Sierra Nevada Adventures Single Day Rides
ADV Mother Lode Ride
Next Ride: April 4th 2020
Remaining Spots: 10
Cost: $100.00 |
Member Cost: $75.00
MOTHER LODE RIDE
Here’s your opportunity to explore some of the best curvy back roads and fun dirt mining roads in the Mother Lode. There’s no better time of year then spring to explore the Mother Lode region, when the foothills are alive with beautiful wildflower blooms, cascading creeks and rolling hills of green grass.
Your adventure begins on the western edge of the foothills then ventures southeast through Amador and Calaveras Counties on some of the most exciting curvy back roads and twisty dirt roads that exist. You will also explore historic gold rush towns and some of the richest hard-rock mines in the gold country such as, the Bunker Hill mine, Freemont mine and Treasure mine. After exploring Amador County your adventure will take you through forgotten mining towns in Calaveras County such as Mountain Ranch, Sheep Ranch and Calaveritas. You will also have the opportunity to view Ironstone’s 44-pound gold nugget which is the largest crystalline gold nugget in the world. Yes, that's correct, this unique crystalline gold specimen weighs a remarkable 44 pounds with an appraised value of over $3.5 million.
The California Mother Lode, is a world famous hard-rock gold vein stretching northwest to southeast in the Sierra Nevada foothills. The California Mother Lode is a zone from 1.5 to 3.7 miles wide and 120miles long, extending from Georgetown in El Dorado County to the north, through Amador, Calaveras and Tuolumne counties, and south to Mormon Bar in Mariposa County. Shortly after the discovery of gold on the American river in 1848 the rich Mother Lode was discovered in the early 1850s, during the California gold rush. The Mother Lode zone contains hundreds of mines and historical sites, including some of the richest hard-rock mines of the gold rush era. Individual gold deposits within the Mother Lode are gold-bearing quartz veins up to 49 ft. thick and a few thousand feet long. The Mother Lode was the most productive gold producing districts in the world during the California Gold Rush. You will have the opportunity to explore some of these rich hard-rock mines while traveling some of the best dirt mining routes imaginable.
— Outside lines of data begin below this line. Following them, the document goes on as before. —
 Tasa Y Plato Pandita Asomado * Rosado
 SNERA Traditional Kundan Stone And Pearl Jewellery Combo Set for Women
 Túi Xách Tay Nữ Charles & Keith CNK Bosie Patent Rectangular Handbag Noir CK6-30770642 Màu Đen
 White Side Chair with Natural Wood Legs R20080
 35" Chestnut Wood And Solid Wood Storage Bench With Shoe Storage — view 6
The first hard-rock mines were discovered in Amador City in 1851, the original Minister's Claim and Spring Hill mine were the first few mines founded and soon after many other mines followed. By the 1870s & 1880s, Amador County had over 300 hard-rock mines in operation with some mine shafts over a mile deep into the earth. You will have the opportunity to explore the ruins of many of these hard-rock mines such as the Bunker Hill Mine, Fremont-Gover Mine,
Argonaut Mine including the famous Kennedy Mine. You will also explore historic dirt mining roads through Amador City, Volcano, and Drytown, which is the oldest town in Amador County. Mining for gold began in Drytown in the spring of 1848 when miners discovered gold in the rich gravels along Dry Creek. Although the creek may have run dry during the summer months, legend has it the town never did, as an old story claims some twenty-six saloons wet the miners thirst during the 1850’s and today the only wet spot in Drytown is the road-side Drytown Club.
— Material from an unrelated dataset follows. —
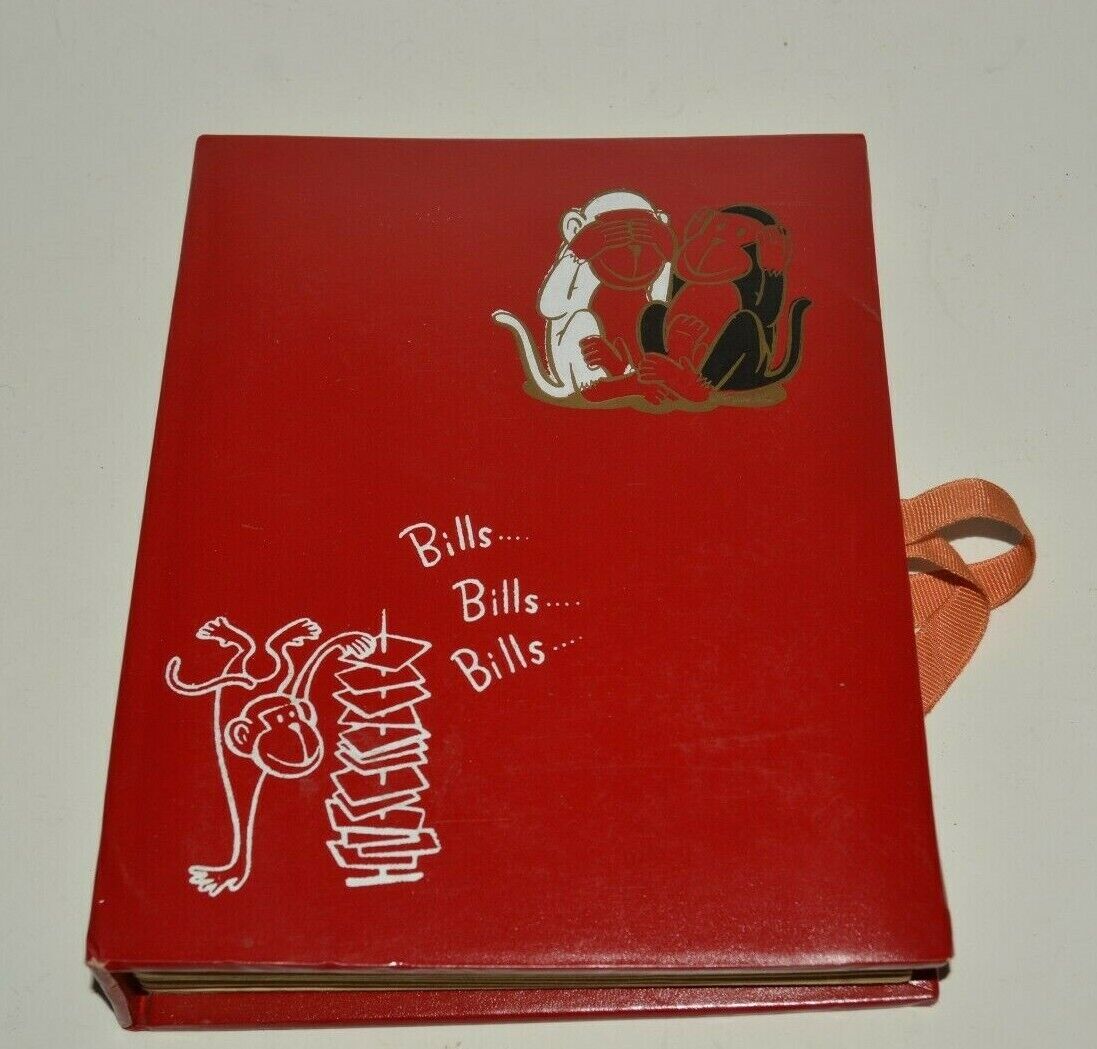 MINTY Vintage Red MONKEY Motif 1960s Expandable Bills Holder Case File Rare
Bunker Hill Mine: The mine was first worked as the Rancheria Mine in 1853. Was renamed the South Mayflower in 1893. It was organized in 1899 as the Bunker Hill Consolidated Mine and operated till 1922, producing $5,154,382 in gold. The shaft reached 3440’ on an incline with a winze. It had a 40-stamp mill.
Fremont-Gover Mine: Founded prior to 1867 as the Loyal Lode Mine. The Fremont-Gover Company formed in 1872 and worked the Gover in the 1880’s and ‘90’s. The Fremont shaft was sunk in 1903 including a 40-stamp mill continuing in operation until 1918. Reopened in 1937 and worked until 1940. Fremont shaft was 2950’ deep. The Gover was 1500’ on an incline. Total production was $5,000,000 in gold.
Argonaut Mine: The Argonaut mine had been discovered in the 1850s by two freed slaves, William Tudor and James Hager. It was destined to become one of California's richest, producing more than $25 million before the federal government closed the nation's gold mines at the beginning of World War II. This mine is the site of the worst mining disaster in the Mother Lode. Forty-eight miners were trapped at 3,500 feet below ground in August of 1922. All of them died from deadly gas that was released during a mine fire. The fire burned two and one-half days before it was extinguished.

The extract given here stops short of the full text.